## DIRECTIONS FOR THIS TASK
Go through the entries below and print each one exactly, leaving out pictures.

Data entries:

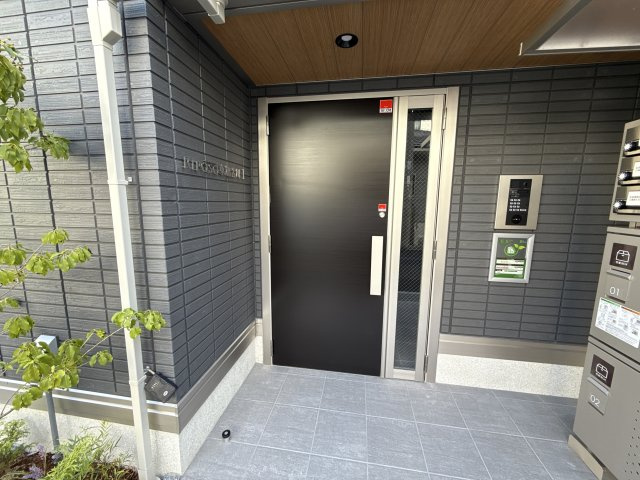 RIPOSO東加古川のエントランス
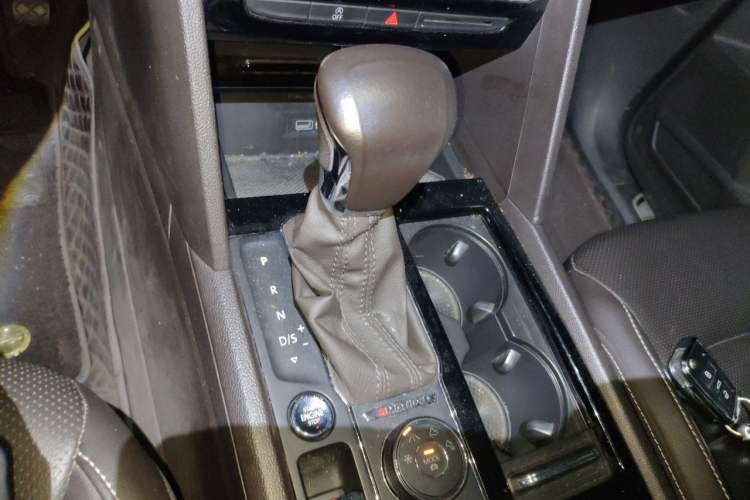 Used Volkswagen Teramont 2017 380TSI Four-Wheel Drive Luxury Edition Gear Lever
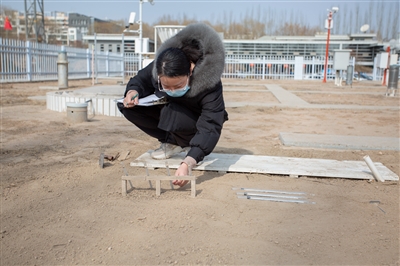     观测员正在测量地面温度。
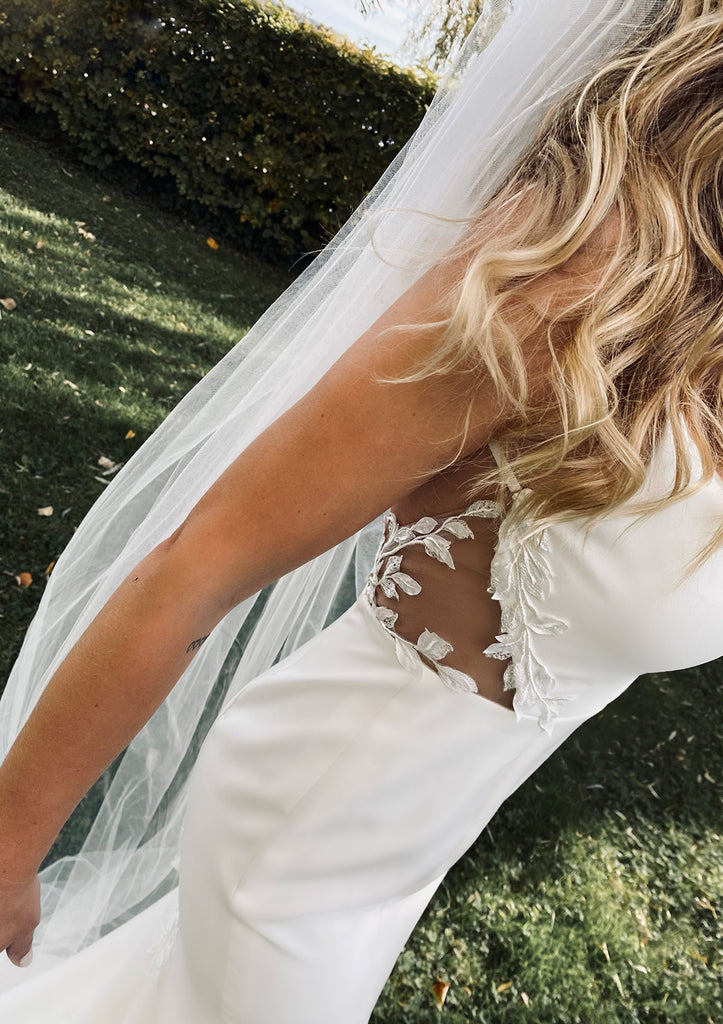 Brautkleid "Kristin" schlicht elegant | 90er Jahre Stil mit Blütenspitze - Bridal LUUV
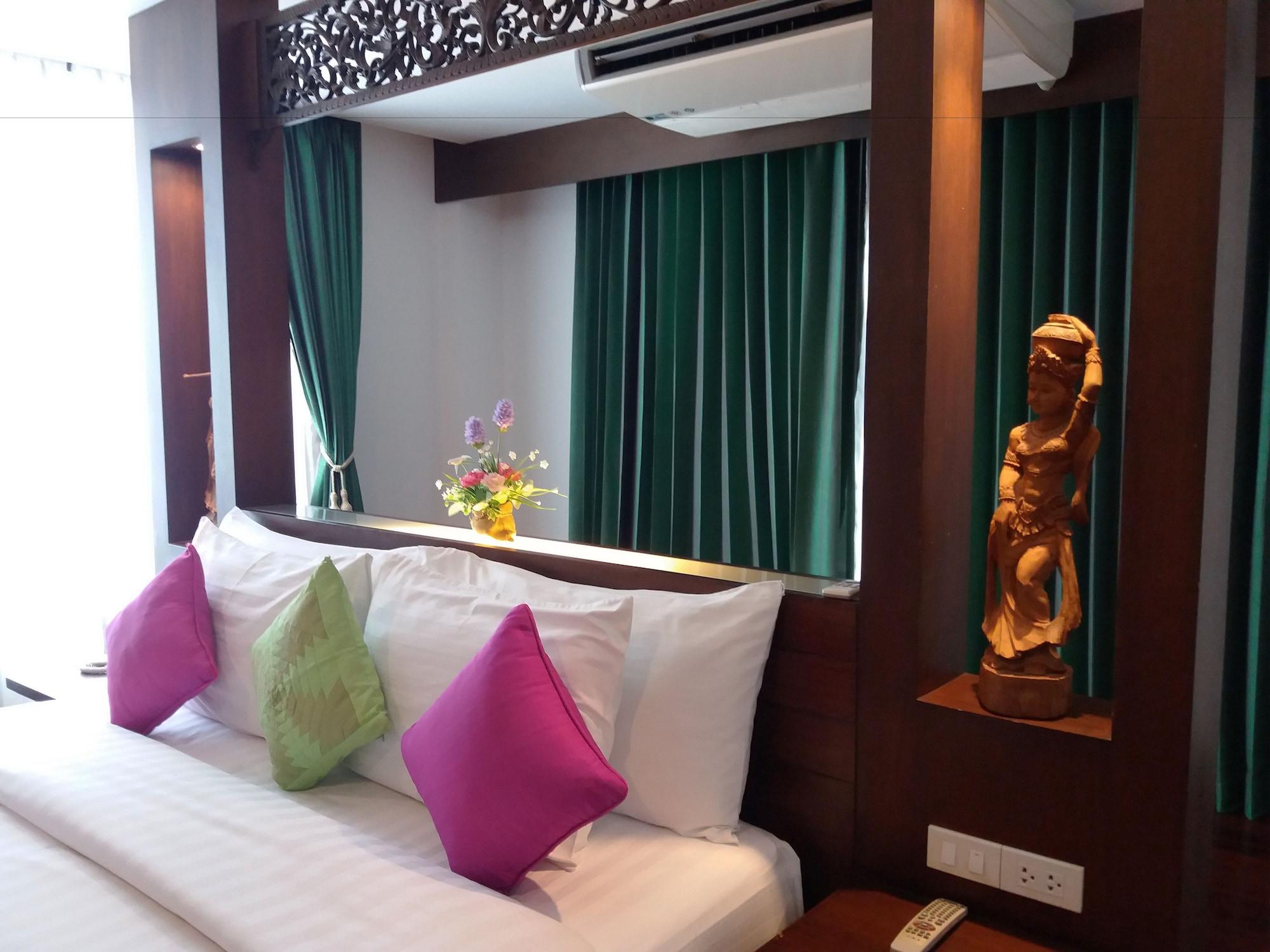 Nicha Suite Hua Hin Hotel Exterior photo
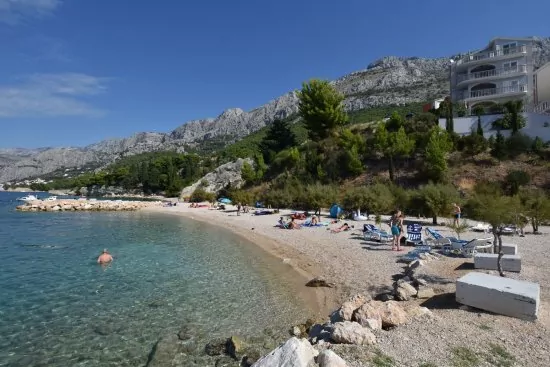 Písčito oblázkové pláže podél pobřeží města Omiš.
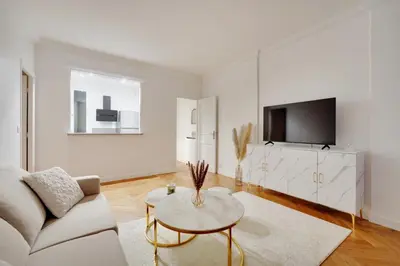 Télévision ou salle de divertissement dans l'établissement Prestigieux 2 Pièces Champs-Élysées George V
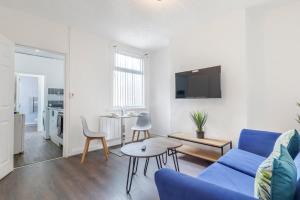 Queen Marys - 2 Ensuites - Wi-Fi - Free Parking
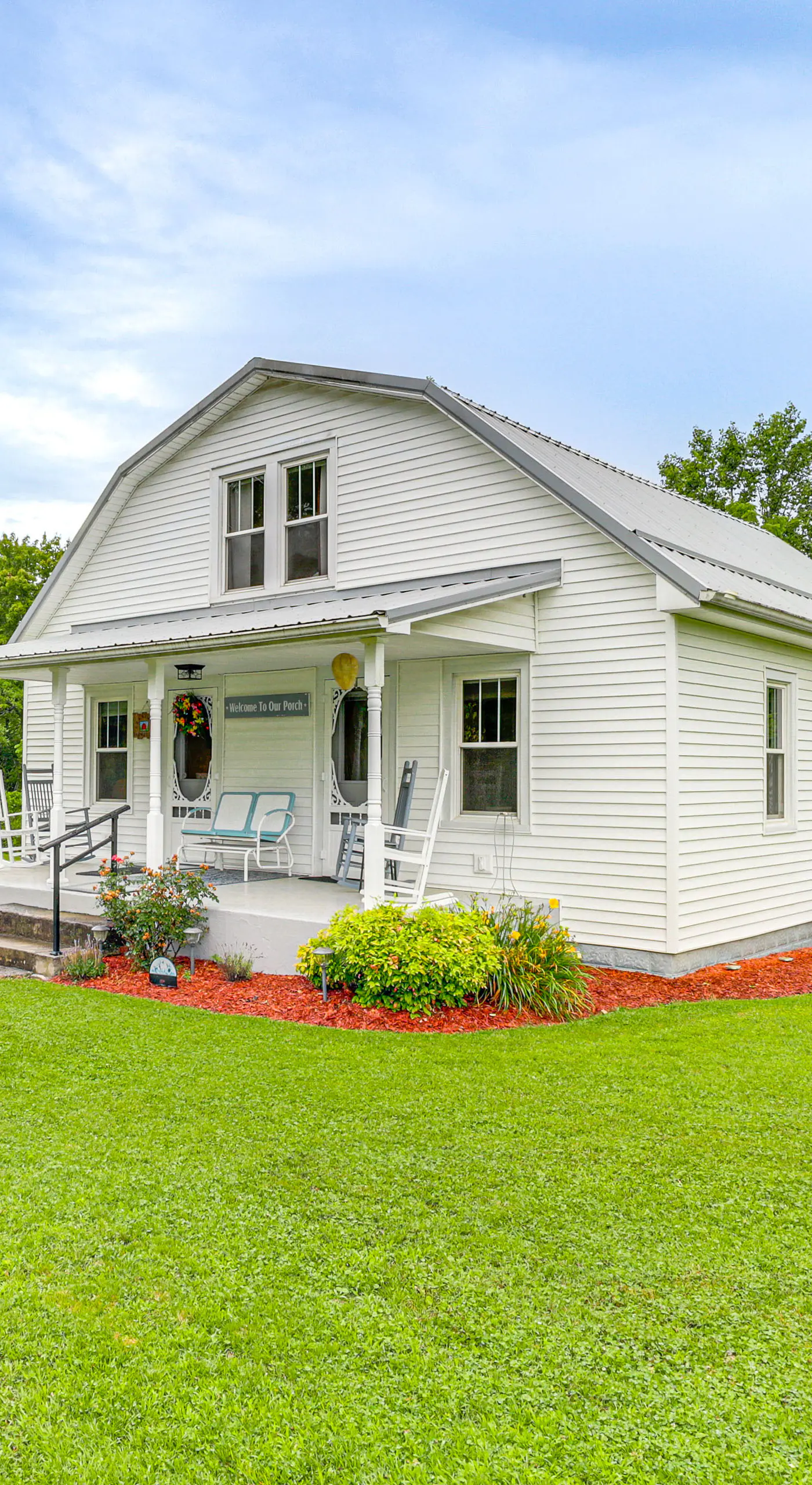'Grandma's Farm House' on 125 Acres w/ Fire Pit!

## SOLUTION FOR THIS TASK
 RIPOSO東加古川のエントランス
 Used Volkswagen Teramont 2017 380TSI Four-Wheel Drive Luxury Edition Gear Lever
     观测员正在测量地面温度。
 Brautkleid "Kristin" schlicht elegant | 90er Jahre Stil mit Blütenspitze - Bridal LUUV
 Nicha Suite Hua Hin Hotel Exterior photo
 Písčito oblázkové pláže podél pobřeží města Omiš.
 Télévision ou salle de divertissement dans l'établissement Prestigieux 2 Pièces Champs-Élysées George V
 Queen Marys - 2 Ensuites - Wi-Fi - Free Parking
'Grandma's Farm House' on 125 Acres w/ Fire Pit!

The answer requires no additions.